Yesterday, a federal district court ruled that the Justice Department does not need to disclose two secret memos providing guidance to federal prosecutors and investigators regarding the use of GPS devices and other location tracking technologies. The government had previously released the documents in response to the ACLU’s Freedom of Information Act lawsuit, but their contents were almost entirely censored. (You can view the redacted documents, in all their glory, here and here.)

The memos were written in the wake of the Supreme Court’s landmark decision in U.S. v. Jones, which held that the government’s use of a GPS tracker to monitor a vehicle’s movements is subject to the Fourth Amendment. While the Supreme Court’s decision was a major victory for Americans’ privacy rights, it also raised numerous unanswered questions about the proper use of GPS tracking and other surveillance technologies going forward. The court, for example, did not decide whether the government must obtain a warrant to install and monitor GPS devices. And it did not explain how the Fourth Amendment applies to other location tracking technologies.

The Justice Department drafted the memos to address those open questions, but it claimed in court that it should not have to turn them over because they contain attorney work-product and sensitive law enforcement information. The district court disagreed in part, holding that government guidelines for the use of GPS tracking do not qualify as sensitive law enforcement information, because “Law enforcement’s use of GPS tracking is well known by the public.” But it concluded that the government may nevertheless keep the guidelines secret, on the ground that the results of DOJ’s reasoning “will be borne out in the courts.”

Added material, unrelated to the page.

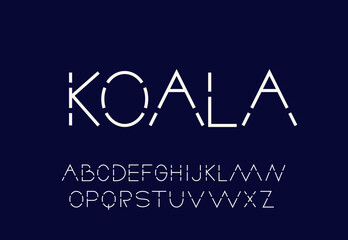 Koala Font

We certainly hope the district court is correct in predicting that the government’s surveillance policies will eventually see the light of day in an open judicial forum. But while we wait for the courts to weigh in, the political branches will be the ones who determine how much privacy we can expect in our movements over the course of weeks or months — movements that can reveal a surprisingly intimate picture of our personal and professional lives. That is why these memos are so important. And yet we know they exist only because FBI General Counsel Andrew Weissmann happened to mention them in a law school talk that ended up on YouTube (you can watch it here).

Fortunately, the district court does not get the last word on this issue. Senator Ron Wyden (D-OR) and Representative Jason Chaffetz (R-UT) have asked Attorney General Eric Holder to release the documents, reminding the attorney general that “there is no room in American democracy for secret interpretation of public law.” (You can read their letter here.) And the New York Times Editorial Board has called on the Justice Department to release the location tracking memos to the public of its own volition, so that we can have the public debate about government surveillance practices that the administration claims to welcome. And if you want to skip right over interpretations of the law and get behind a strong Congressional fix, you can support legislation mandating a warrant for all location tracking here.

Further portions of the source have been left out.